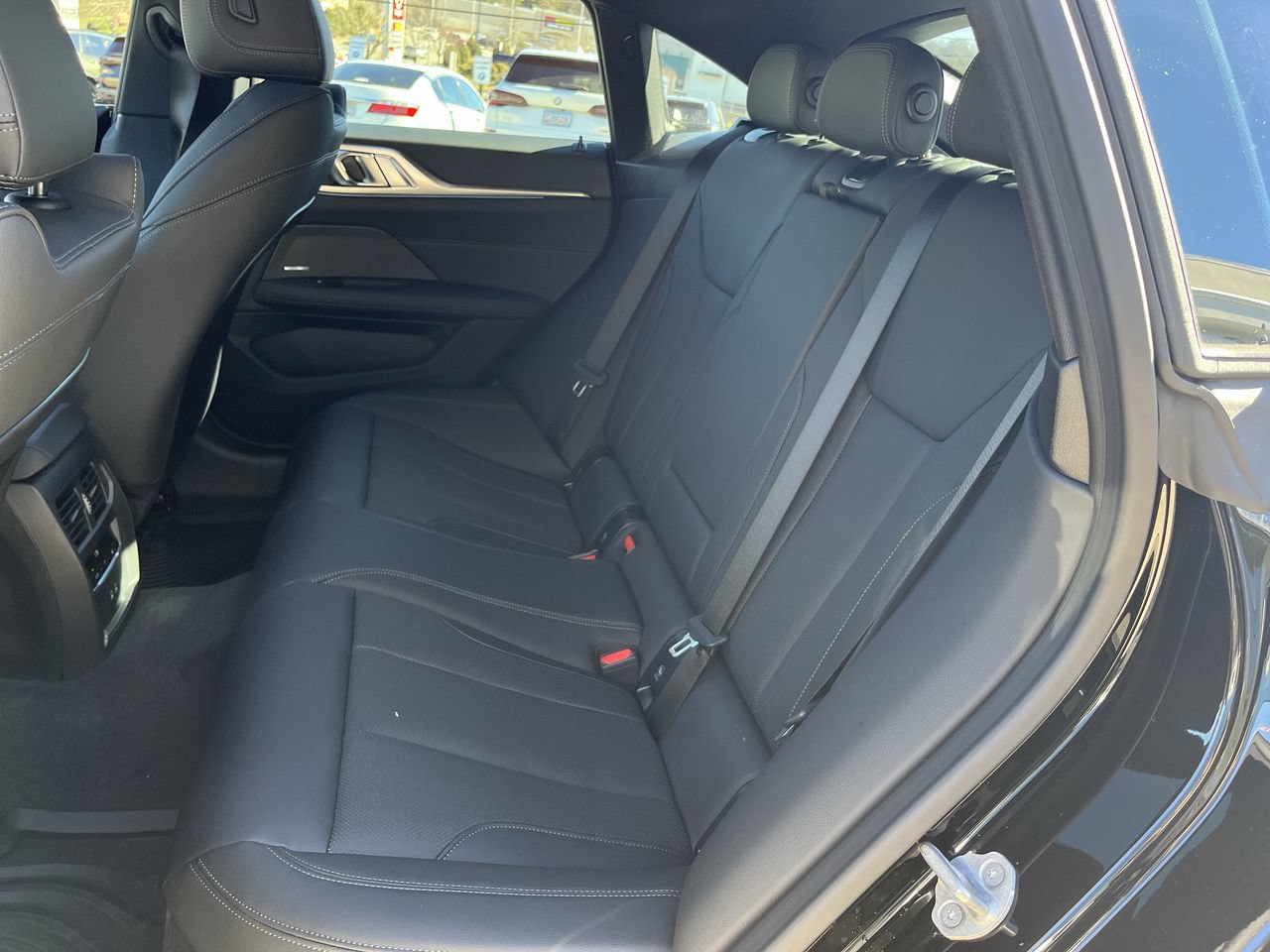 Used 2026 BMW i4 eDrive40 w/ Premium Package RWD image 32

--

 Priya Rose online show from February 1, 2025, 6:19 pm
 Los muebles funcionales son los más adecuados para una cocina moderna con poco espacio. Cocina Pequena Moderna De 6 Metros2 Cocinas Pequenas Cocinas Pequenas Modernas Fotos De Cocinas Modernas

» **Work task**: Using the entries above, extract exactly the span from the line with "Priya Rose online" to the line with "Los muebles funcionales", both lines included; leave out everything else.

» **Output for this task**:
 Priya Rose online show from February 1, 2025, 6:19 pm
 Los muebles funcionales son los más adecuados para una cocina moderna con poco espacio. Cocina Pequena Moderna De 6 Metros2 Cocinas Pequenas Cocinas Pequenas Modernas Fotos De Cocinas Modernas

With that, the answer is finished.